The bank abandoned that demand in the final settlement, he said.

Energy companies have spent the past five years scrambling to accumulate and drill as many acres as possible across a vast swath of Texas range.

The 132,000 contiguous acres owned by the trust lie southwest of San Antonio at the heart of the Eagle Ford. A discovery well drilled on the trust’s land in late 2008 put the oil play on the map by proving hydrocarbons could be commercially produced from the Eagle Ford through horizontal drilling and hydraulic fracturing, also known as fracking. Values of mineral rights across the region began to skyrocket as word of the discovery filtered out.

Bonus Payments

The energy companies, through JPMorgan, paid trust beneficiaries as little as $200 an acre in bonuses for drilling rights on some of the property, which is on top of royalties the mineral owners get on any oil or gas pumped out.
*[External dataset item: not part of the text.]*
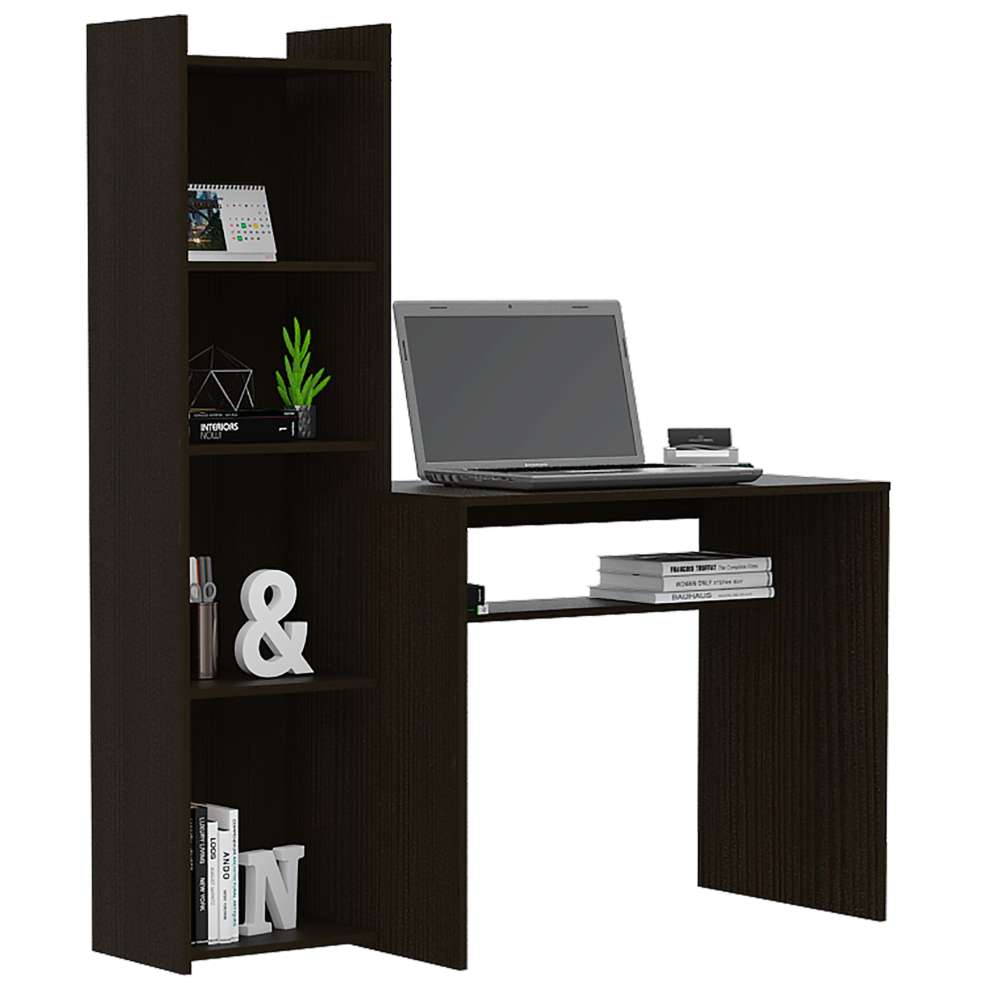 Escritorio Napoli Wengue 127 cm con Biblioteca - Escritorios y Archivadores | Bylmo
Once JPMorgan’s commercial clients had the leases, they either produced the oil fields for their own benefit or flipped the drilling rights at much higher prices to other companies. Some of the trust’s rights were later sold for as much as 70 times what the initial buyers paid, according to the lawsuit.

Ultimately, the trust beneficiaries complained, all of the financial gains from exploiting the Eagle Ford flowed to subsequent buyers, leaving the original mineral owners shut out with comparatively little.

Leasing Policies

JPMorgan was also accused in the case of violating the trust’s customary leasing policies so that bank customers were allowed to lock up the bargain-priced drilling rights for far longer than usual. That prevented the trust from reselling the rights to its dormant acreage and cashing in on rapidly escalating prices.

JPMorgan denied claims of “self-dealing,” claiming the plaintiffs’ allegations were based on the benefit of hindsight.

“A trustee’s duties and responsibilities are not to be judged by hindsight,” Gall, JPMorgan’s lead lawyer, said in opening statements. “There’s no Monday-morning quarterbacking.”

The South Texas Syndicate Trust has 275 beneficiaries, who either inherited or purchased some of the 30,000 shares of mineral rights underlying range land accumulated by six Minnesota businessmen who came to Texas in 1906. Surface rights to the property were sold in 1950, and today the beneficiaries are scattered throughout the U.S. and overseas.

The case is Meyer v. JP Morgan Chase Bank, 2018-CI-10977, District Court, Bexar County, Texas (San Antonio).